WASHINGTON — Saying "religious freedom in America has suffered years of unprecedented erosion," the U.S. Catholic bishops have posted an online letter for Catholics to send to President Donald Trump urging him to sign an executive order promoting religious freedom.
The letter, found at www.votervoice.net/USCCB/Campaigns, says the president can "restore the federal government's respect for the religious freedom of individuals and organizations" with an executive order that establishes a "government-wide initiative to respect religious freedom." Individuals can sign the letter and hit a link to submit it to Trump.
A leaked draft version of a potential religious freedom order was circulating in the media and among federal staff and advocacy groups at the end of January. When White House Press Secretary Sean Spicer was asked about the draft Jan. 30, he said he would not get "ahead of the executive orders that we may or may not issue." He noted that there have been a lot of executive actions and "a lot of things that the president has talked about and will continue to fulfill, but we have nothing on that front now."
A White House official told ABC News that the leaked draft on religious freedom is one of hundreds of circulating orders that were either written by the transition team or the White House.
Although Spicer did not elaborate on the leaked document, he told reporters that freedom of religion in the U.S. should mean "people should be able to practice their religion, express their religion, express areas of their faith without reprisal."
"And I think that pendulum sometimes swings the other way in the name of political correctness," he added.
The four-page draft has raised concerns among those who said it would legalize discrimination and was too far-reaching, but University of Notre Dame law professor Richard Garnett said in an email to Catholic News Service that the "critics are dramatically overstating" what the order can do.
The draft states that "Americans and their religious organizations will not be coerced by the federal government into participating in activities that violate their consciences." It also notes that people and organizations do not "forfeit their religious freedom when providing social services, education or health care." It cites the Religious Freedom Restoration Act, which states that government "shall not substantially burden a person's exercise of religion" unless that burden "is the least restrictive means to further a compelling governmental interest."

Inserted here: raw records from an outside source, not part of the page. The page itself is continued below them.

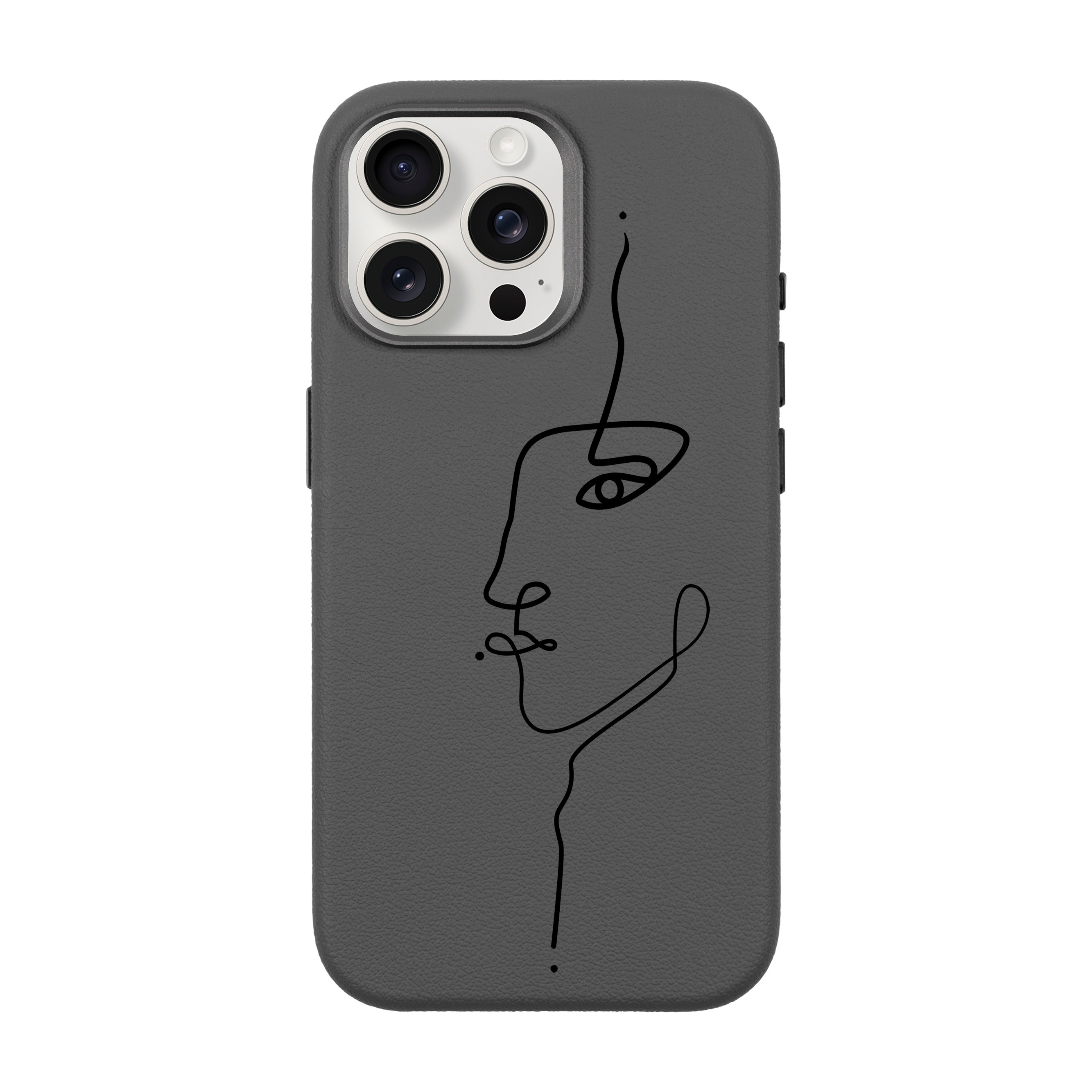 FACE-iPhone Leather 15 Premium Case with MagSafe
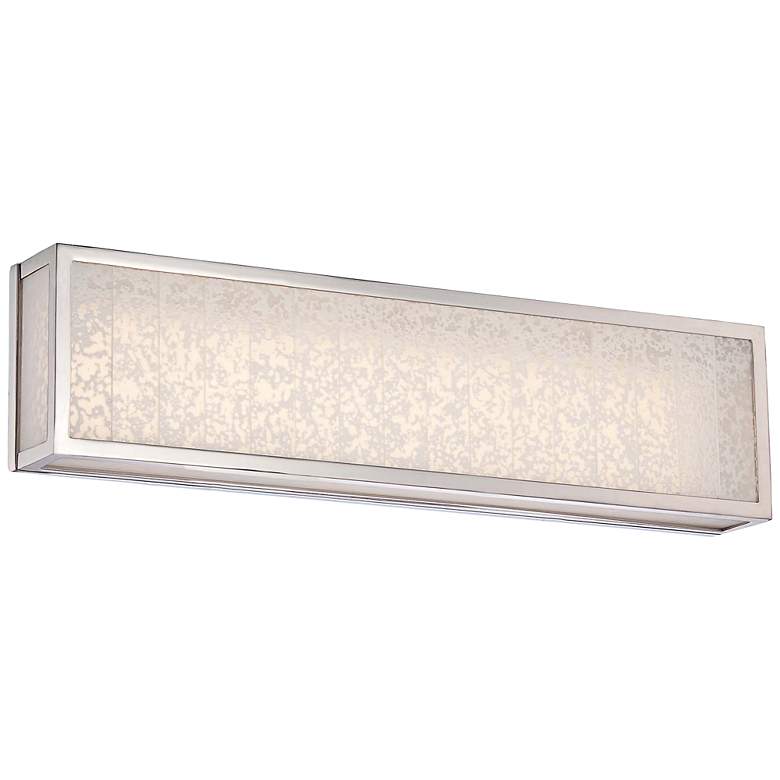 Image 1 Lake Frost 24"W Polished Nickel LED Bath Light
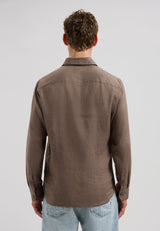 CHEMISE HOMME JAGGER LIN 216 GREY BROWN 216 Grey Brown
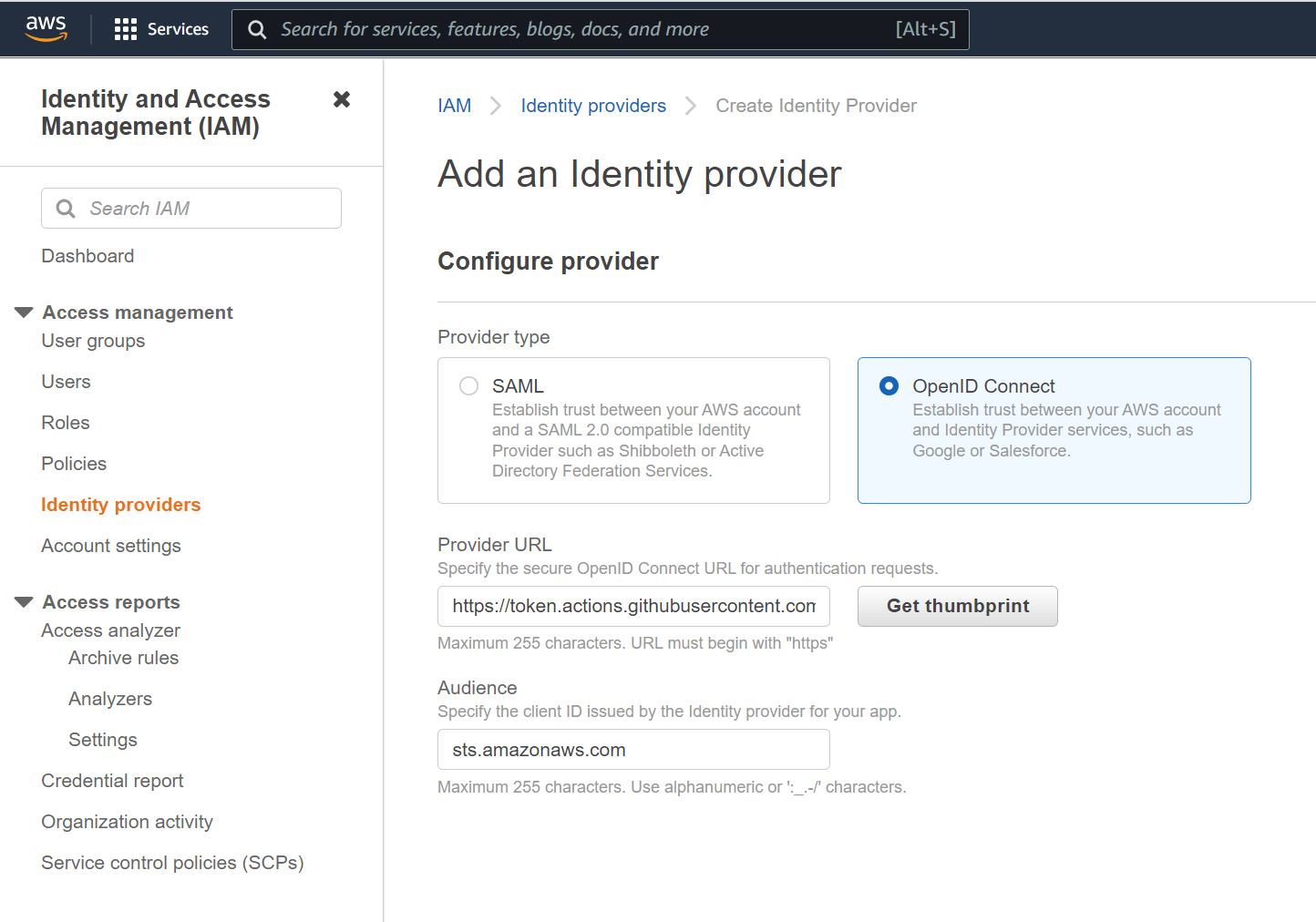 Add GitHub as an identity provider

The U.S. bishops, who have made religious liberty a priority, have not released a statement on potential executive action on religious freedom by Trump but in the online letter available for Catholics to sign stressed such an order should include some of the following measures:
-- Relief from the Affordable Care Act's contraceptive mandate. Currently, the mandate -- issued by the federal Department of Health and Human Services as part of the implementation of the health care law -- requires most religious employers to provide coverage of artificial birth control for their employees even if the employer is morally opposed to such coverage. There is a very narrow exemption for churches.
-- Preservation of tax-exempt status for nonprofit groups that hold beliefs based on marriage and human sexuality.
-- The ability of religious organizations that partner with the federal government to act according to their beliefs regarding marriage, human sexuality and the protection of human life at all stages.
-- The ability of religiously affiliated child welfare providers to provide adoption, foster or family support services for children that coincide with their religious beliefs.
-- Conscience protections about abortion in the individual health insurance market.
The bishops' letter said any executive order on religious freedom should make it clear that this freedom should not just be about a person's ability to freely worship but should include "the ability to act on one's beliefs."
"It should also protect individuals and families who run closely held businesses in accordance with their faith to the greatest extent possible," the letter said.